### Imports

In [34]:
import anndata as ad
import scanpy as sc
import pandas as pd
import matplotlib.pyplot as plt
import networkx as nx
from umap import UMAP
import numpy as np
import warnings
warnings.filterwarnings("ignore") # Some log2(0) in the DE analysis raises runtime errors, but we supress because it just means its not significant

# test 

### Reading in Data

In [35]:
%%time
#Change this to the appropriate data path
data_path = './KOLF_Chroma_mixscape_output_x_pert.h5ad'
adata = ad.read_h5ad(data_path) #Note that the .X is already set to the X_pert layer if you are following the single cell best practices guide

CPU times: user 1.65 s, sys: 2.64 s, total: 4.28 s
Wall time: 9.63 s


### Visualizing perturbation similarities through correlation analysis
1. The data provided to you has been filtered through the entire [single cell best practices](https://www.sc-best-practices.org/conditions/perturbation_modeling.html#analysing-single-pooled-crispr-screens) pipeline as described in the earlier talk (link).
2. Download the data (link) and to read the .h5ad into Python.
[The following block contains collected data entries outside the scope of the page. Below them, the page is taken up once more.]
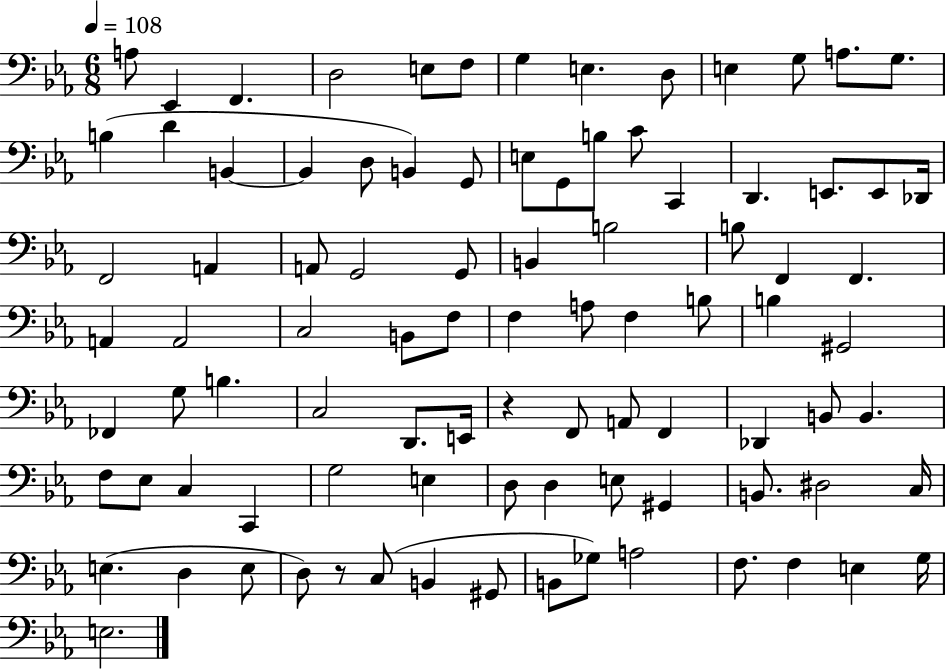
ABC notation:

X:1
T:Untitled
M:6/8
L:1/4
K:Eb
A,/2 _E,, F,, D,2 E,/2 F,/2 G, E, D,/2 E, G,/2 A,/2 G,/2 B, D B,, B,, D,/2 B,, G,,/2 E,/2 G,,/2 B,/2 C/2 C,, D,, E,,/2 E,,/2 _D,,/4 F,,2 A,, A,,/2 G,,2 G,,/2 B,, B,2 B,/2 F,, F,, A,, A,,2 C,2 B,,/2 F,/2 F, A,/2 F, B,/2 B, ^G,,2 _F,, G,/2 B, C,2 D,,/2 E,,/4 z F,,/2 A,,/2 F,, _D,, B,,/2 B,, F,/2 _E,/2 C, C,, G,2 E, D,/2 D, E,/2 ^G,, B,,/2 ^D,2 C,/4 E, D, E,/2 D,/2 z/2 C,/2 B,, ^G,,/2 B,,/2 _G,/2 A,2 F,/2 F, E, G,/4 E,2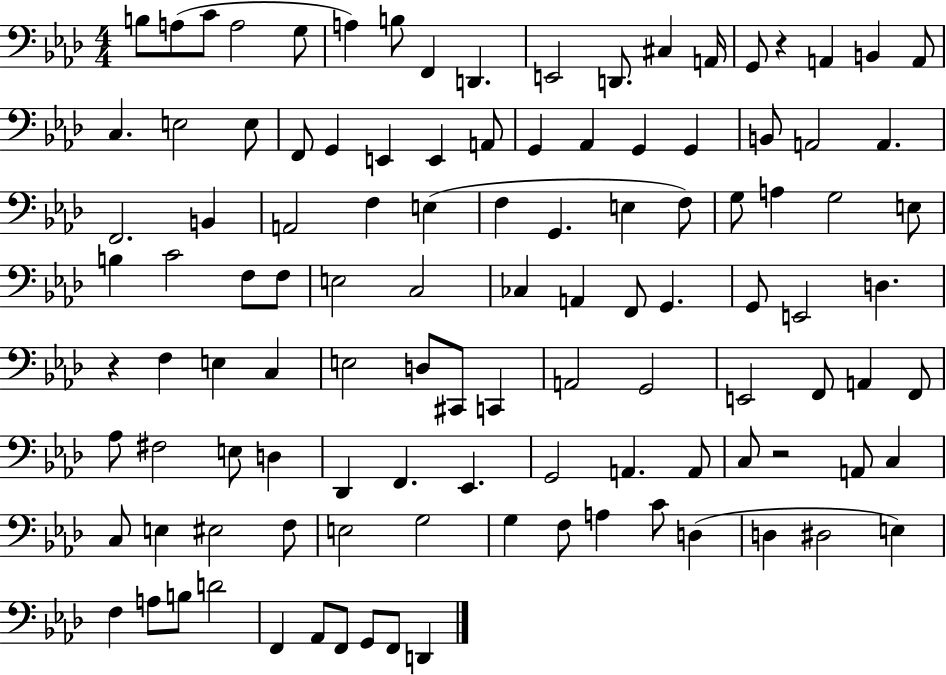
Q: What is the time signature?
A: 4/4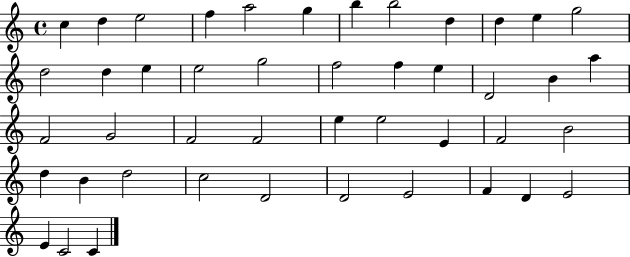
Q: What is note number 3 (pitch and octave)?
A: E5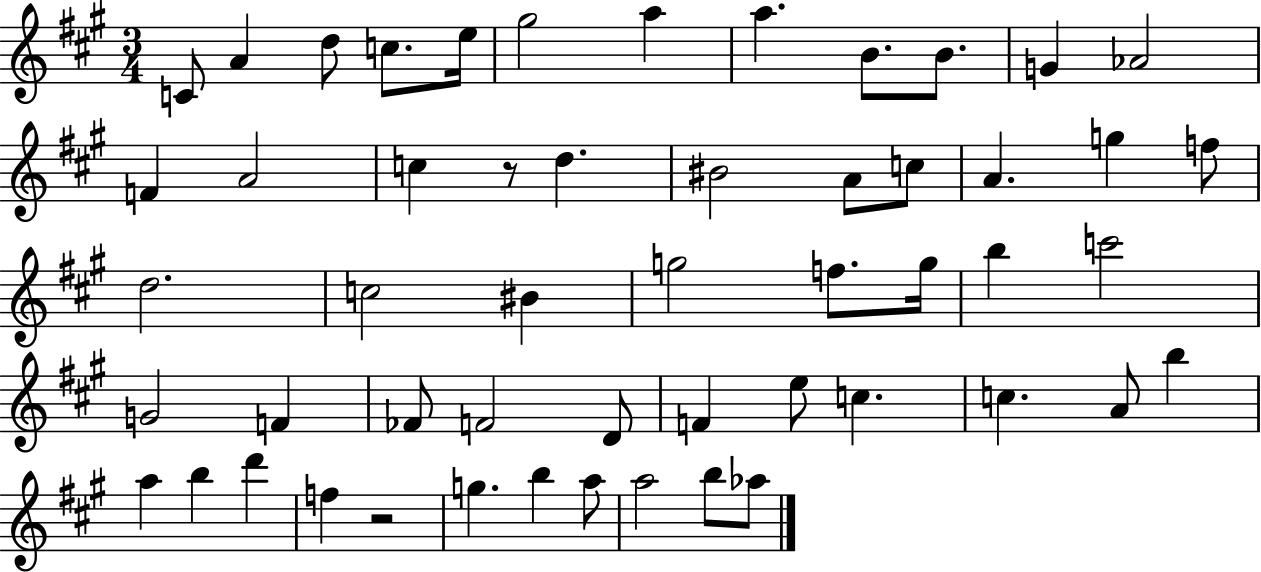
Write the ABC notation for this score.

X:1
T:Untitled
M:3/4
L:1/4
K:A
C/2 A d/2 c/2 e/4 ^g2 a a B/2 B/2 G _A2 F A2 c z/2 d ^B2 A/2 c/2 A g f/2 d2 c2 ^B g2 f/2 g/4 b c'2 G2 F _F/2 F2 D/2 F e/2 c c A/2 b a b d' f z2 g b a/2 a2 b/2 _a/2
Read up on the data structure of [AnnData objects](https://anndata.readthedocs.io/en/latest/) and explore the .obs/.var of the downloaded data. The .X is the X_pert layer computed by [pertpy](https://pertpy.readthedocs.io/en/latest/tutorials/notebooks/mixscape.html), and is filtered down to top 6000 highly variable genes.
3. Compute a mean gene expression vector for each perturbation.
4. Compute the pairwise Pearson correlation matrix between all perturbations.
5. Read on generally what [UMAP](https://umap-learn.readthedocs.io/en/latest/) does. Use the correlation matrix as a precomputed feature matrix as input to UMAP to get a 2-dimensional embedding of each perturbation. 6. Use the nearest n=3 neighbors with spread = 1.0 to compute the UMAP.
7. Use [networkx](https://networkx.org/documentation/stable/tutorial.html) to plot each perturbation as a node, using the UMAP embeddings as the X/Y position of each node. Draw edges between each node and the top 5 person correlates.
8. What perturbations cluster together in the network? Do these have known biological relationships? How does the clustering change as a function of changing the number of UMAP neighbors?

In [None]:
%%time
def create_perturbation_network(adata, target_genes_category='perturbation_target_genes'):
    # Filter cells with mixscape_class_global as 'KO' which correspond to perturbed cells
    # Note that "KO" actually represents a Knock-Down in this application as CRISPRi is used
    
    # Get the list of perturbations
    
    
    # Compute average gene expression vector for all cells with each perturbation


    # Create DataFrame for the expression data
    

    # Compute pairwise Pearson correlation matrix between all perturbation average gene expression vectors
    

    # Convert correlation to distance; want a small distance between high correlates
    

    # Compute the 2D UMAP embedding for each perturbation, using the correlation vector as the feature vector for each perturbation
    

    # Store 2D embeddings as positions in a dictionary for NetworkX Visualization
    

    # Initialize the networkx graph, where nodes are each perturbation


    # Add nodes and edges, positioning nodes based on the UMAP, and draw edges between each perturbation and the top 5 pearson correlates


    # Visualize the graph
    
    print("Done")

create_perturbation_network(adata)

### Computing Differentially Expressed Genes

1. For each perturbation, compute the number of differentialy expressed genes relative to NTCs. What is an appropriate DE test to use (e.g. parametric or non-parametric?) What are the FDR and Log Folders Change cutoffs chosen? Justify the selection
2. Investigate the DEGs for a perturbation of interest. Is there any interesting biological relationship between them?
3. Can you leverage parallel computing to significantly speed up the differential expression analysis?

In [None]:
%%time
def create_differential_gene_expression_plot(adata, pvalue_threshold=-np.log10(0.05)):

    # Isolate only cells identified as having a mixscape_class_global of "KO" or "NT" corresponding to perturbed or non targeting controls
    # Note that "KO" actually represents a Knock-Down in this application as CRISPRi is used
    adata_ko = adata[adata.obs['mixscape_class_global'].isin(['NT',"KO"])].copy()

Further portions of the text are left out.